For some of the children I work with, empty supermarket shelves will trigger their experiences of neglect before they came into care. Feeling stuck at home may also raise difficult memories if they have previously lived in homes that felt unsafe and they felt unable to escape.
9. Keep In Contact With People
Self-isolation can be an incredibly difficult experience when our greatest need as human beings is to feel connected and have a sense of belonging. For many people, being alone automatically raises feelings of loneliness. This is true for all humans across all ages.
Your children may not be able to go and visit granny and grampa at the moment but we do have the technology to ensure that we can maintain good communication.
One good things that comes from all this may be an increase in people looking out for one another more and having meaningful connections.

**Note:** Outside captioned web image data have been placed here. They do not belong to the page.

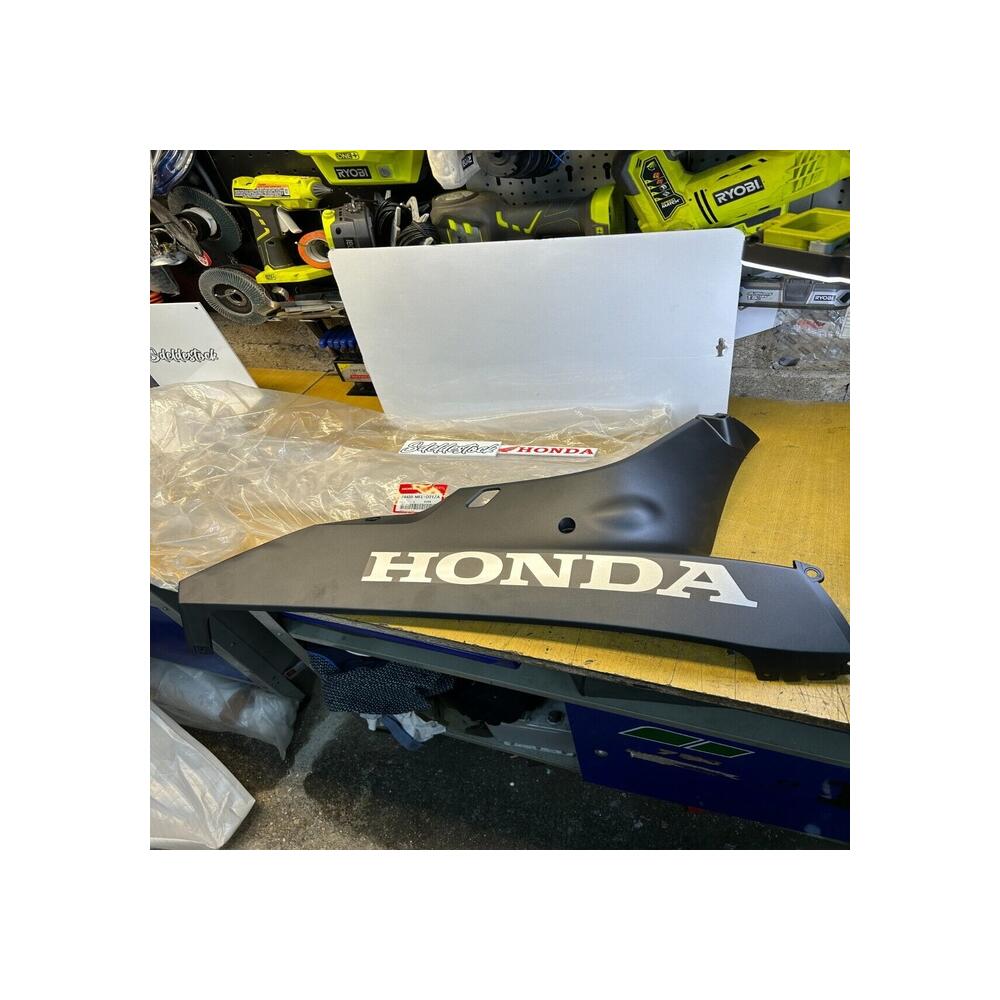 1 bas carénage avant droit honda 64400-MEL-D21ZA cbr 1000 rr 2006 fireblade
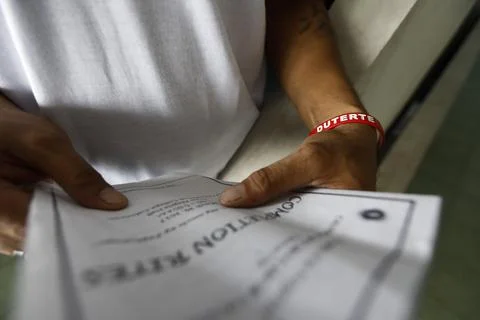 Filipinos mark completion of their drug rehabilitation program, Manila, Philippi 写真素材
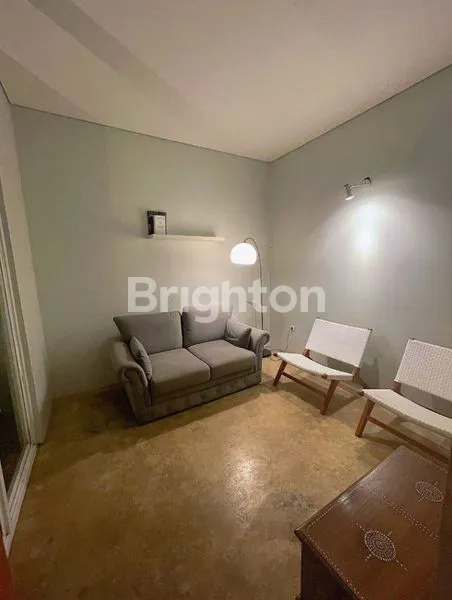 image SEWA RUMAH LUAS DESIGN UNIK (4)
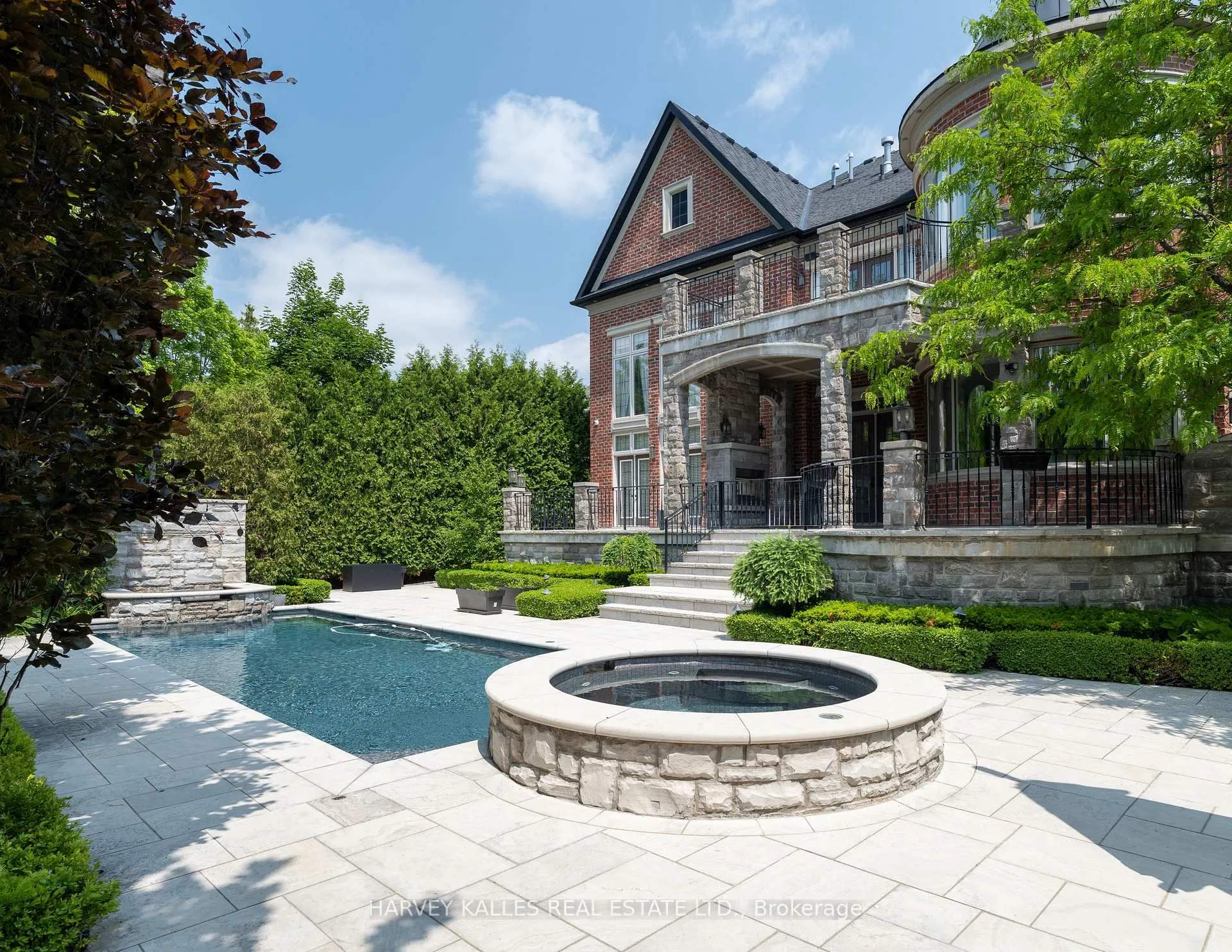 Photo 17 of 147 Cooks Mill Crescent, Vaughan, Patterson — HOMEH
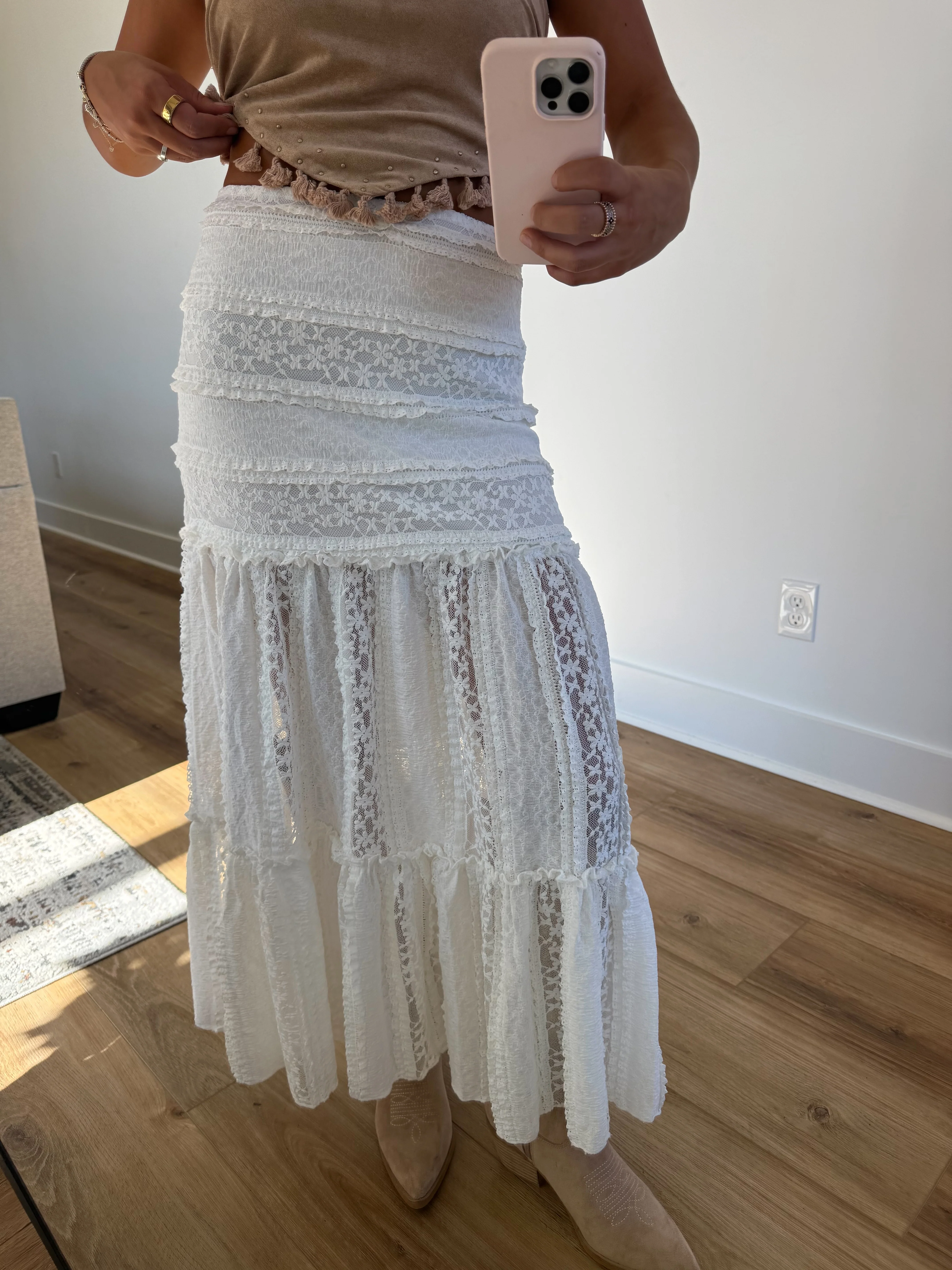Daydream Lace Skirt - Image 7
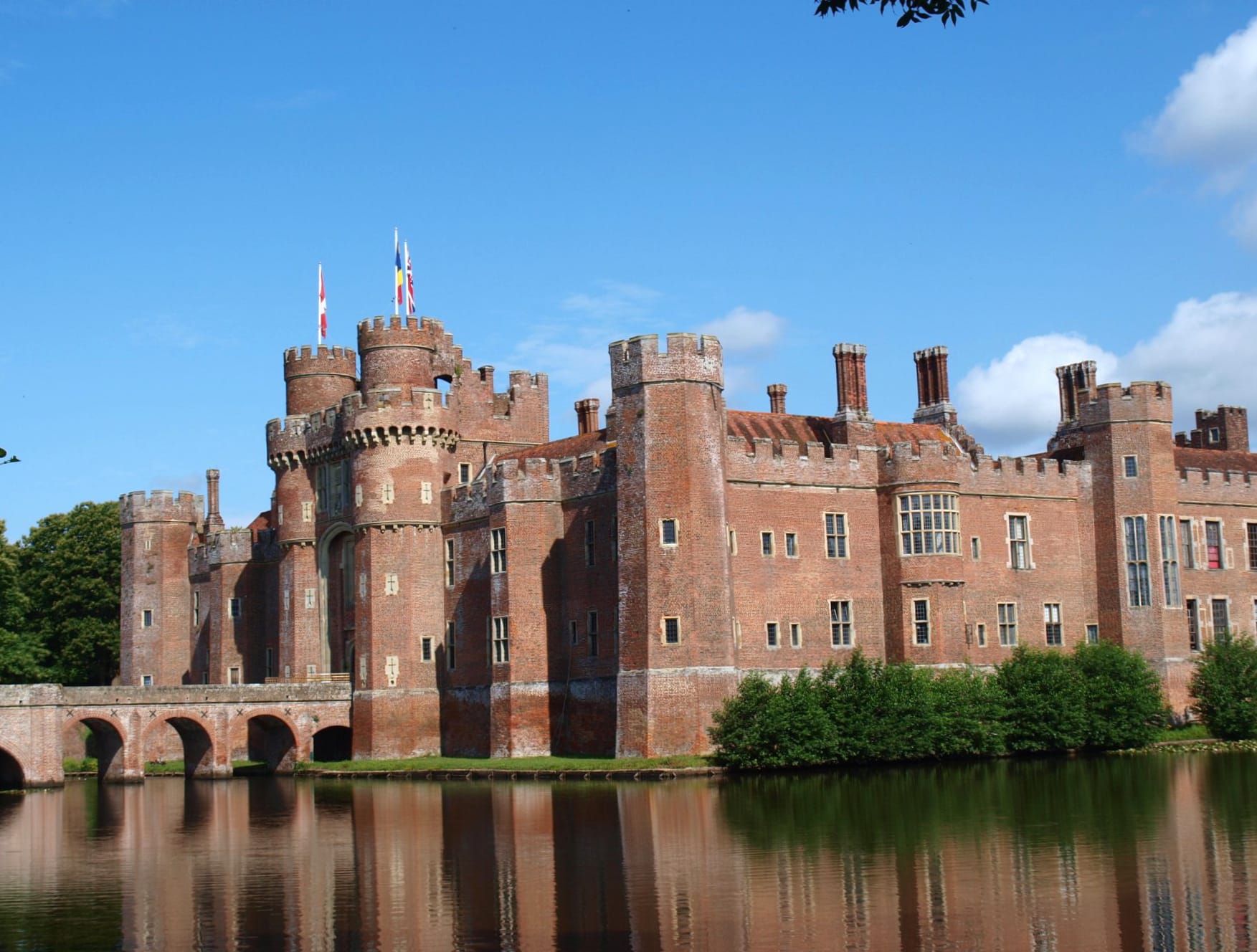 Herstmonceux Castle at 1024 x 768 size wallpapers HD quality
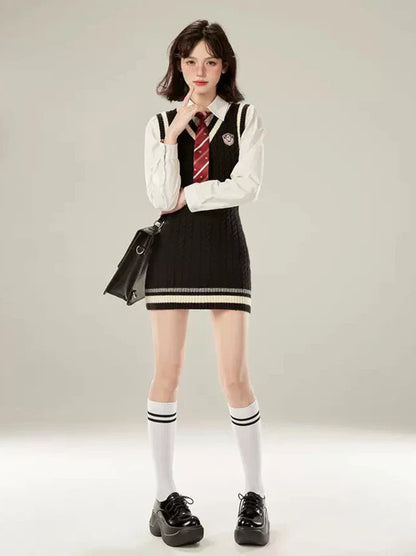 Strickkleid im College-Krawattenstil, weiße Weste, Hemd mit V-Ausschnitt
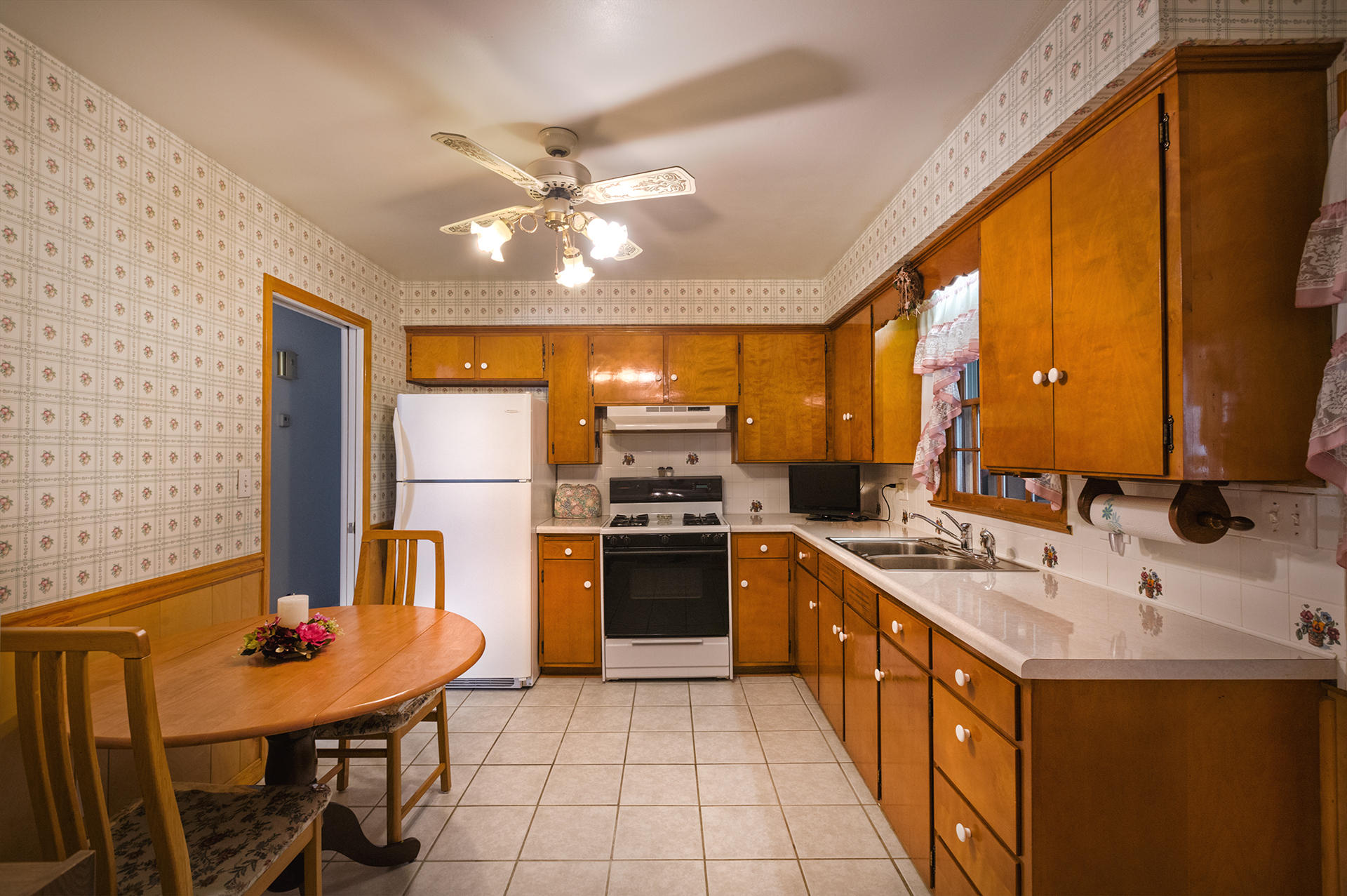 3463 Greencliff Road Roanoke, VA 24018 - Photo 5 of 30 Kitchen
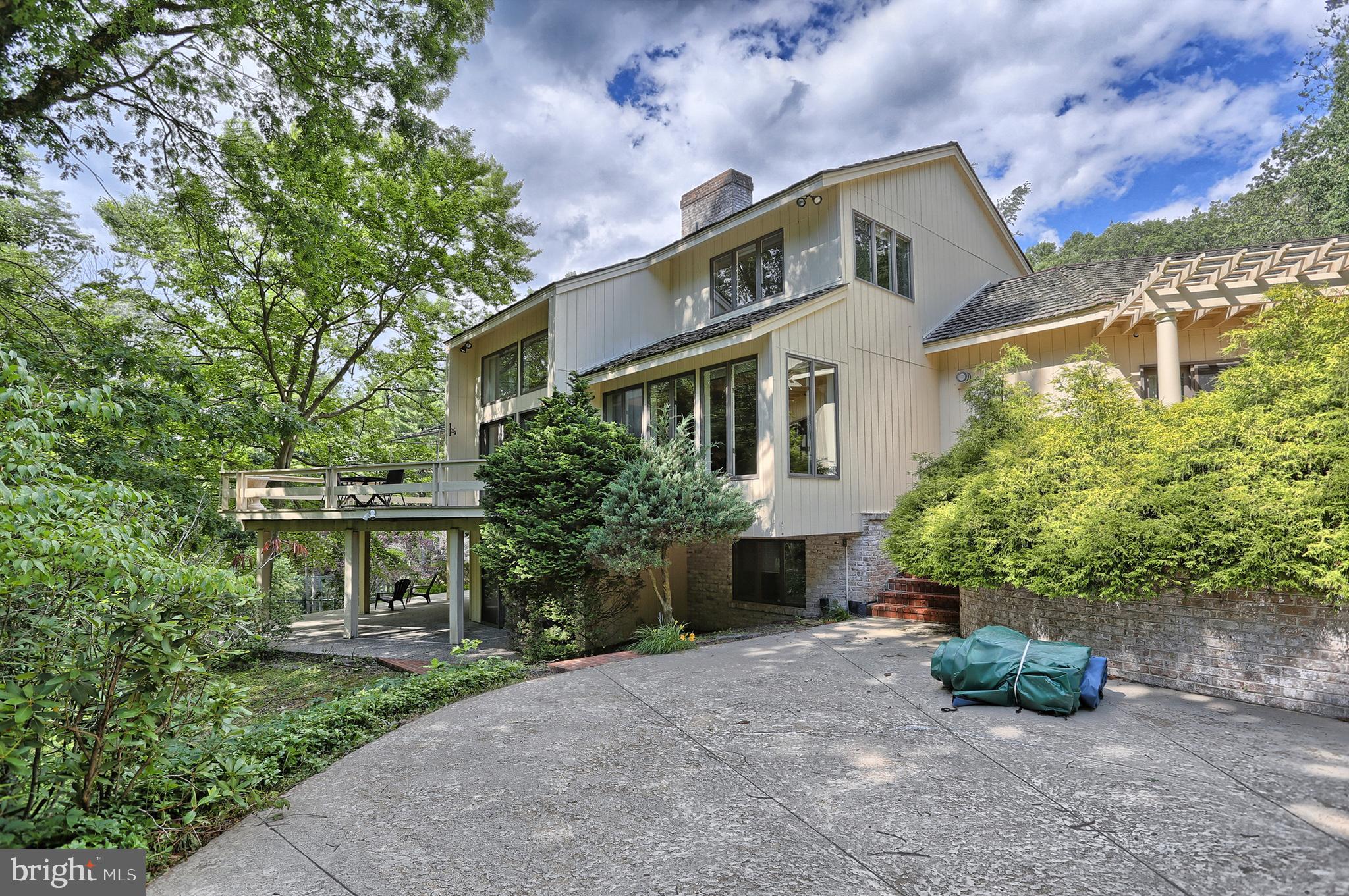165 Deer Hill Road Reading, PA 19607 - Photo 64 of 76 Gallery Image 64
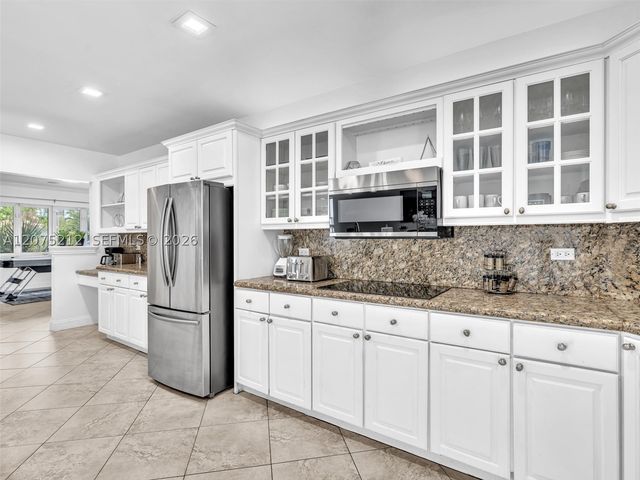 413 Tamarind Dr, Hallandale Beach, FL 33009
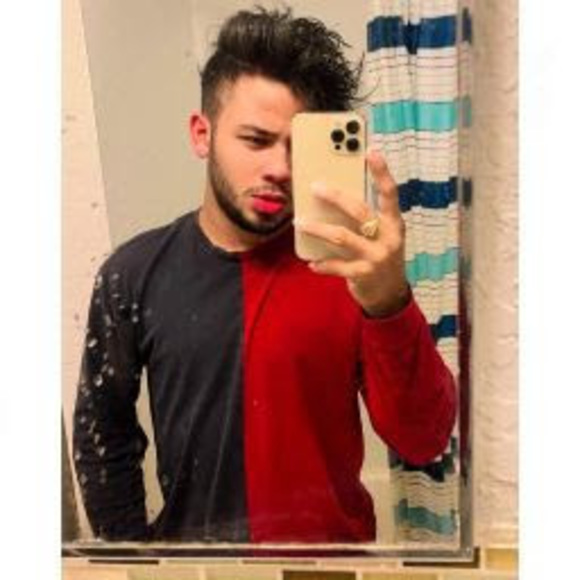 Profile Picture of Jose Corrales (@josejohan0622) on Poshmark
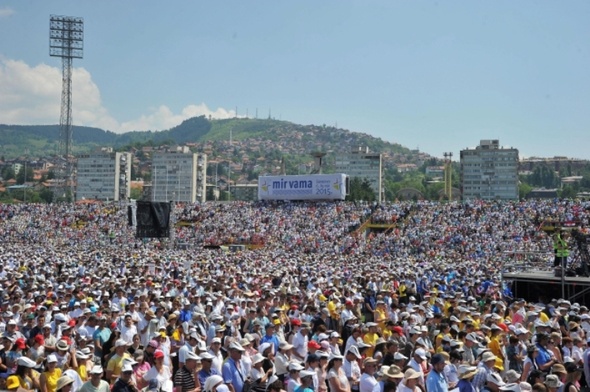 Msza św. na stadionie Koševo 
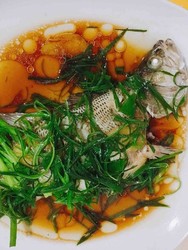 葱油鲈鱼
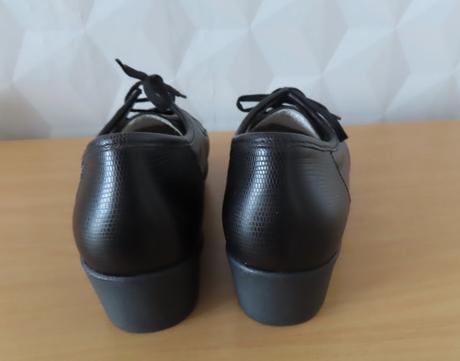 Dámske celokožené poltopánky veľ. 39, 39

So, let’s stop messaging so much and start picking up the phone.
10. Remember Most People Will Be Okay.
I know this may feel scary but the reality is that most people will actually be okay. Not everyone will contract the virus and the majority of those who do, will recover. This needs to be a central message to our children.
I hope that this post has given you some ways to think about how you support your children. I’ve opened up the comments section below for people to add other ideas, share their thoughts or ask for help if needed.
I wish you and your children all the best.